Some time ago, we saw that in C arrays and pointers have some subtle differences. A facetious colleague just remarked that this is also the case in ACSL especially if you use the \at(e L) construction which basically says that e is supposed to be evaluated in the state when the program reached label L for the last time. For instance let us consider the following function:

int t[10];
void f() {
  int* p = t;
  int i = 4;
 L0:
  t[i++] = 4;
 L1:
  t[i--] = 5;
 L2:
  t[i++] = 6;
  return;
}

Can you decide which of the following assertions hold just before f returns?

1. assert \at(t[\at(i L0)] L1) == 4;
2. assert \at(t L1)[\at(i L0)] == 4;
3. assert \at(p[\at(i L0)] L1) == 4;
4. assert \at(p L1)[\at(i L0)] == 4;

Answers

  /*@ assert \at(t[\at(i L0)] L1) == 4; */

This assertion is true: namely i is equal to 4 in L0 so that we're evaluating t[4] in L1 which is indeed equal to 4.

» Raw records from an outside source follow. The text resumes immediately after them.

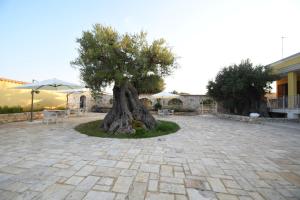 a tree in a courtyard with tables and umbrellas at Il Filo Di Arianna-Mola-Bed and Breakfast in Mola di Bari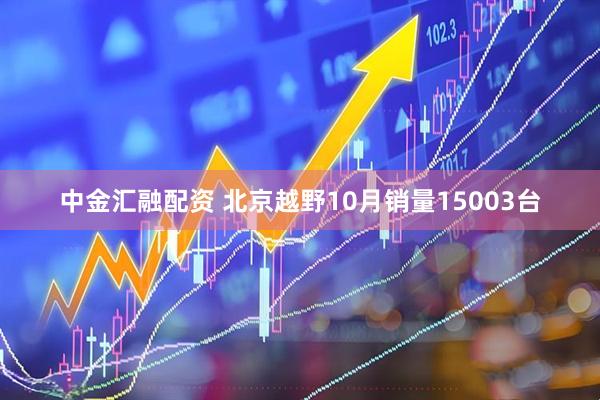 中金汇融配资 北京越野10月销量15003台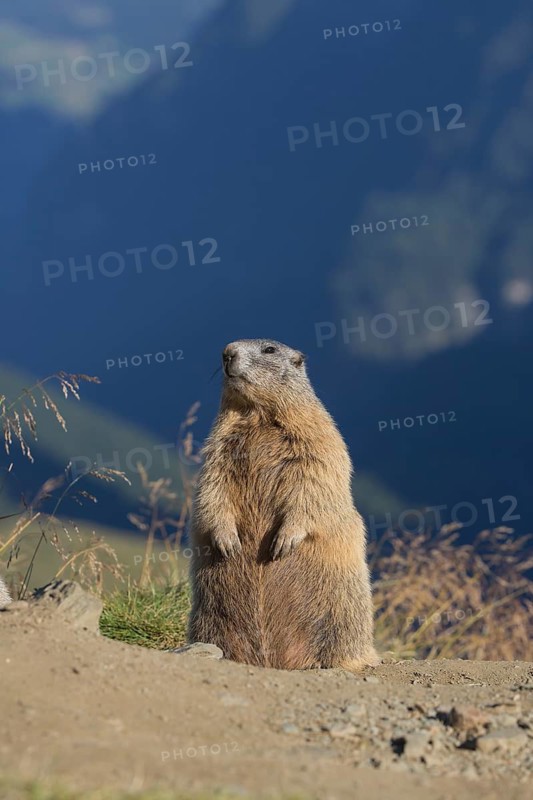 One adult Alpine Marmot, Marmota marmota, sitting erected on a rim of a soil, observing his surrounding in late light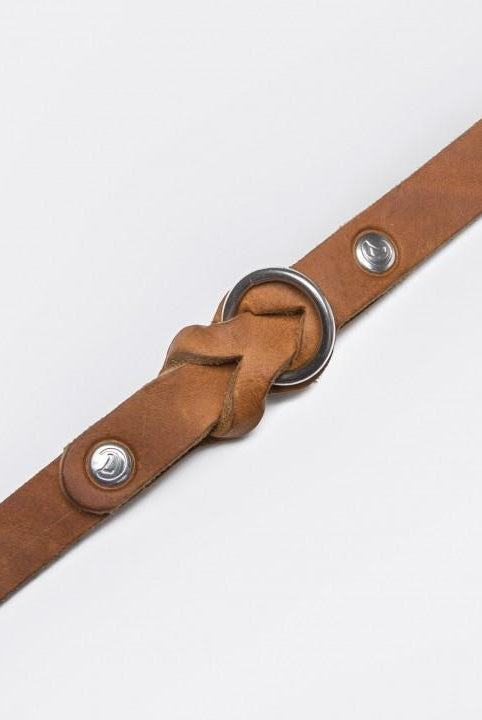 Dog Collar Riverside Park Camel Dog Collar Cloud7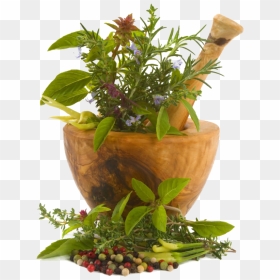 Chinese Herbs Png Image - Food Herbs Png, Transparent Png - herbs png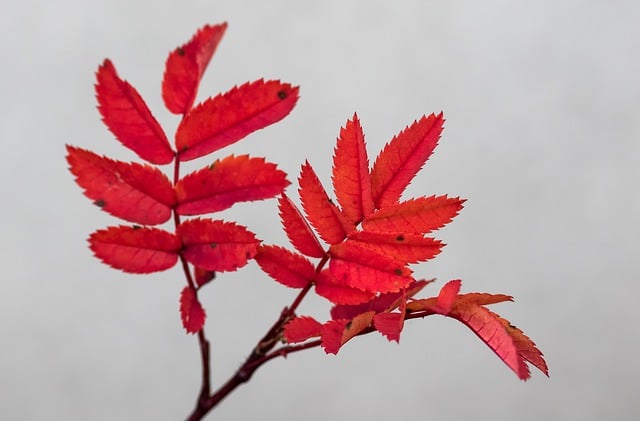 Free download plant branch rose autumn colorful free picture to be edited with GIMP free online image editor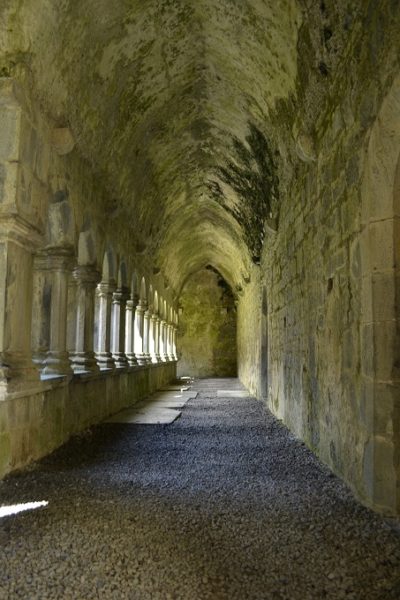 9 - Quin Abbey cloisters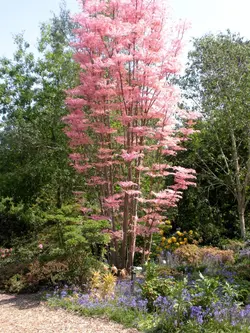 بذر تون قرمز <br> بسته 5 عددی بذر <br> Red Toon Seeds <br><i><b> Toona sinensis </i> Seeds</b>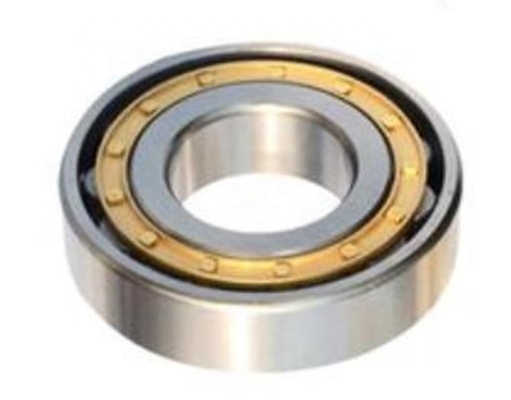 NU1016EM N1017EM NJ10175EM Cuscinetto a rulli in acciaio cromato con sigilli Tipo aperto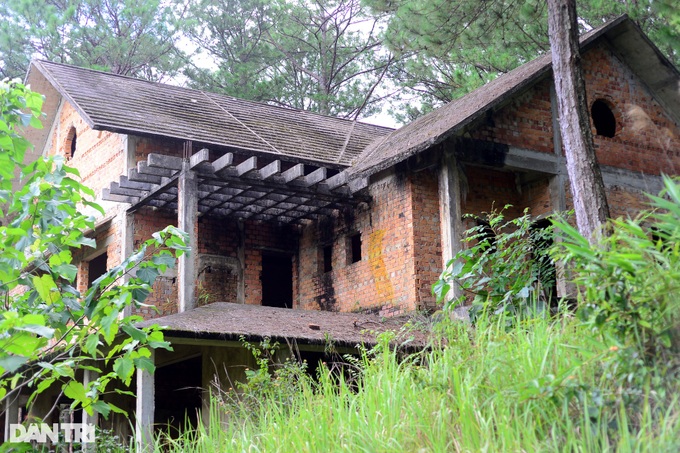 Villas left abandoned in Da Lat pine forest - 4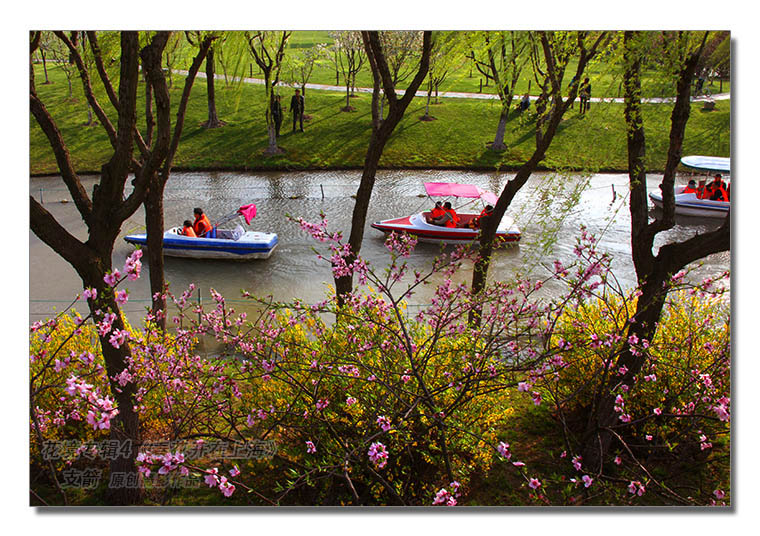 花境专辑4--5图-5《春花开在上海》--支箭-原创摄影作品.jpg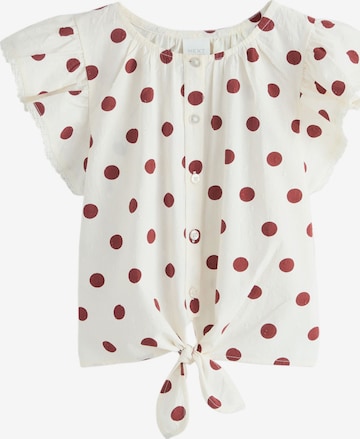 Chemisier Next en beige : devant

/*@ assert \at(t L1)[\at(i L0)] == 4; */

This assertion is true but the evaluation is not that simple: according to ACSL's arrays semantics we convert t into a logic array whose cells have the same value as the one of t in the state L1. Then we access the cell number 4 the value of i at L0 that happens to contain 4.

/*@ assert \at(p[\at(i L0)] L1) == 4; */

This assertion is true for the same reason as the first one.

/*@ assert \at(p L1)[\at(i L0)] == 4; */

This assertion is false because the evaluation is slightly different than in the second case: This time we evaluate the pointer p in L1 the offset i in L0 and we dereference the result in the current state where *(p+4) is 6.